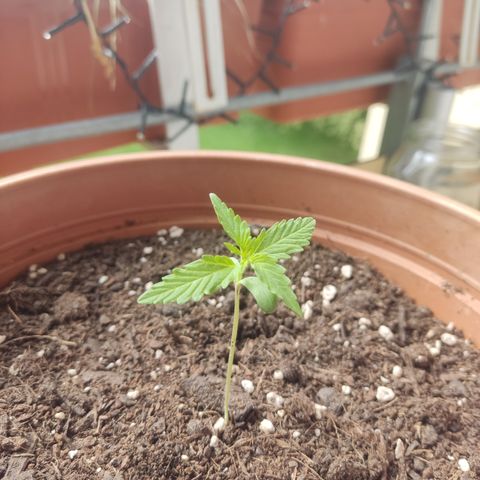 Apple Fritter Automatic growlog timeline photo
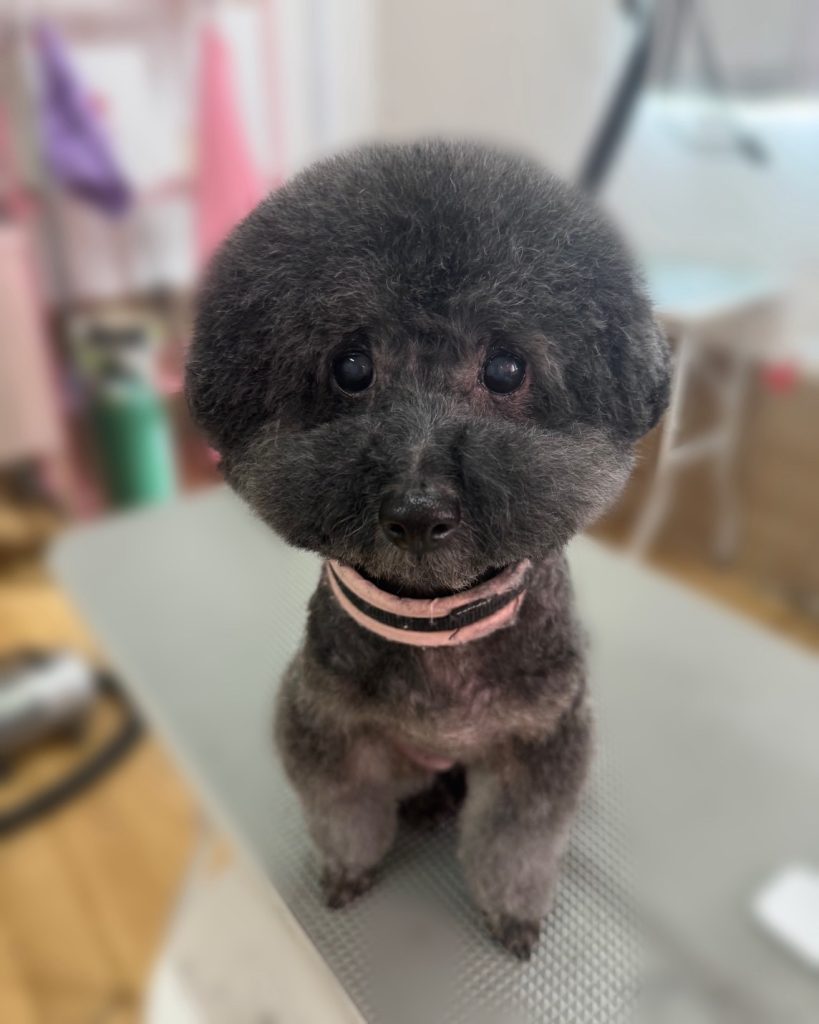 ちょこあちゃん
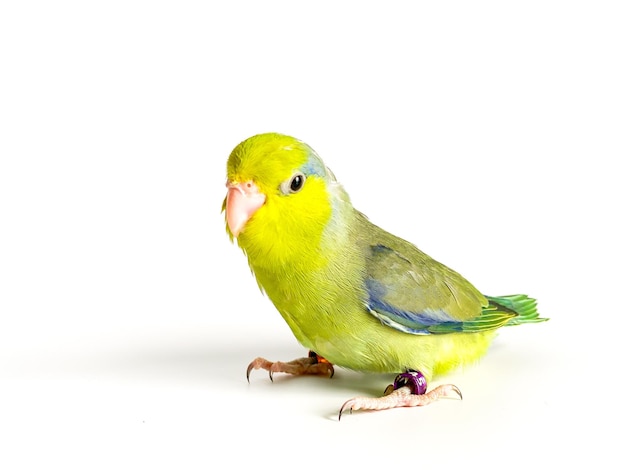 白い背景の上の Forpus オウム鳥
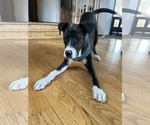 Small #1 Huskies  Mix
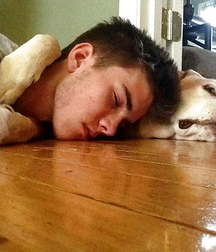 everyone has his puppy 5b732f960effd.jpg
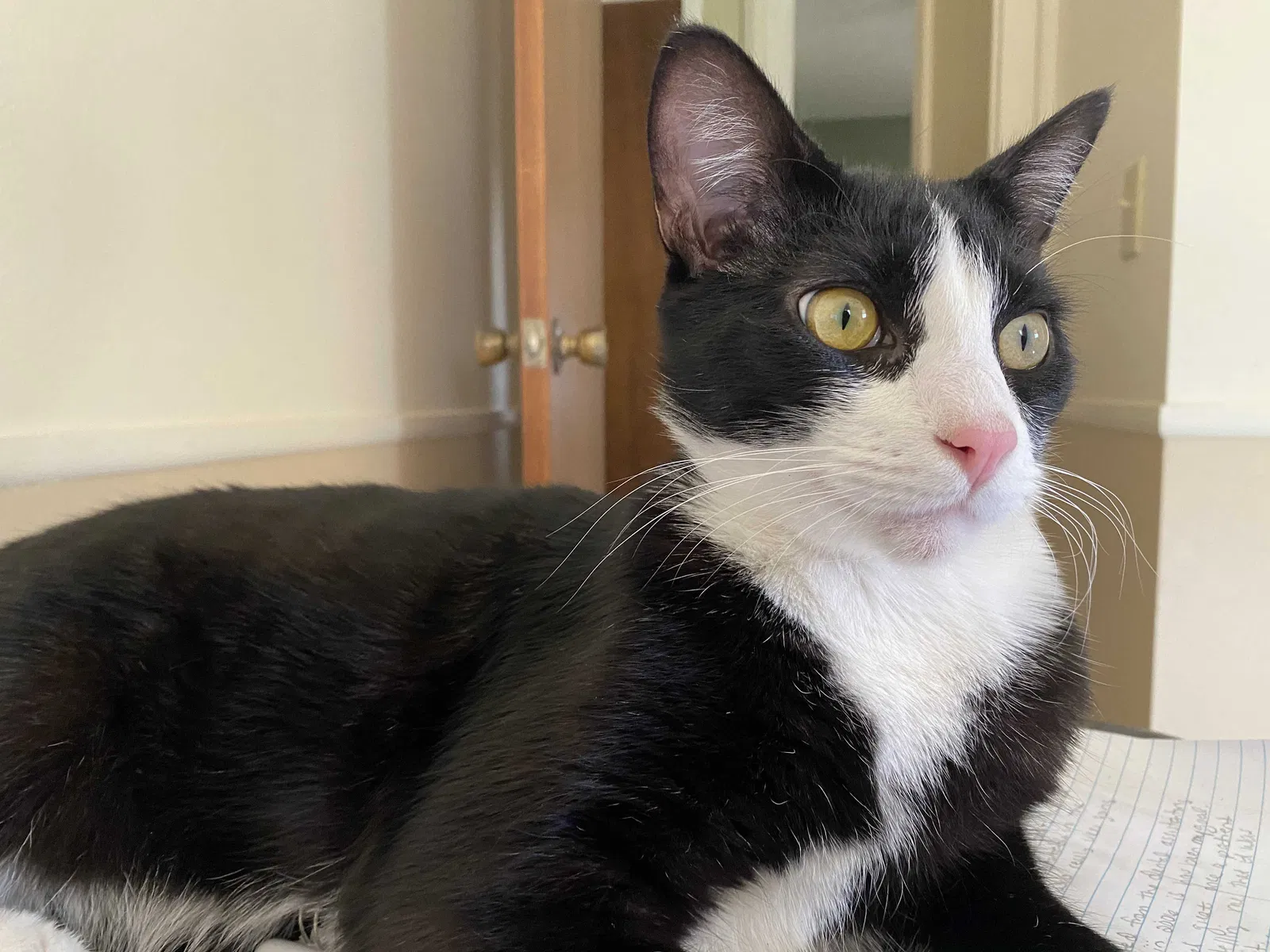 Lost cat in Homosassa, FL, 34448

* **ASSIGNMENT**
Write out all the entries again, word for word, and print no images.

* **ANSWER TO THIS PROBLEM**
 Apple Fritter Automatic growlog timeline photo
 ちょこあちゃん
 白い背景の上の Forpus オウム鳥
 Small #1 Huskies  Mix
 everyone has his puppy 5b732f960effd.jpg
 Lost cat in Homosassa, FL, 34448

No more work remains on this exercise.